Work to complete:
The answer should be an exact repeat of the stretch of material below from the line containing "2613 Cove Bay" through the line containing "Luftgefederte atmungsaktive rutschfeste".

Data supplied:
== Segment start ==
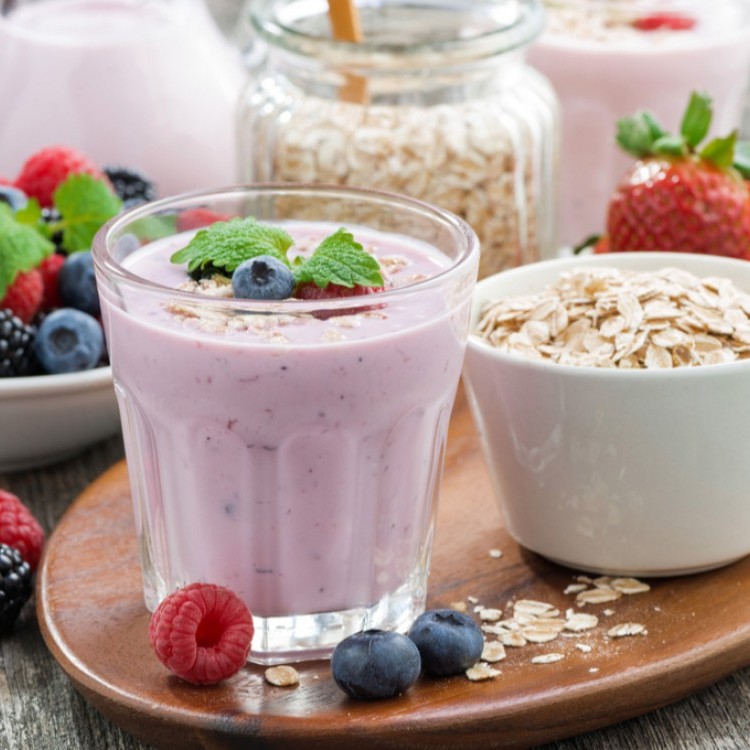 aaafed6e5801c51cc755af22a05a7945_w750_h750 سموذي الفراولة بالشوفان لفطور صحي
== Segment end ==
== Segment start ==
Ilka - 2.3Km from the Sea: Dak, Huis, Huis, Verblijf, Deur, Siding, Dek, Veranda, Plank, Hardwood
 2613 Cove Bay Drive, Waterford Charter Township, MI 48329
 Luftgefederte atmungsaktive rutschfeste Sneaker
== Segment end ==
Answer below:
 2613 Cove Bay Drive, Waterford Charter Township, MI 48329
 Luftgefederte atmungsaktive rutschfeste Sneaker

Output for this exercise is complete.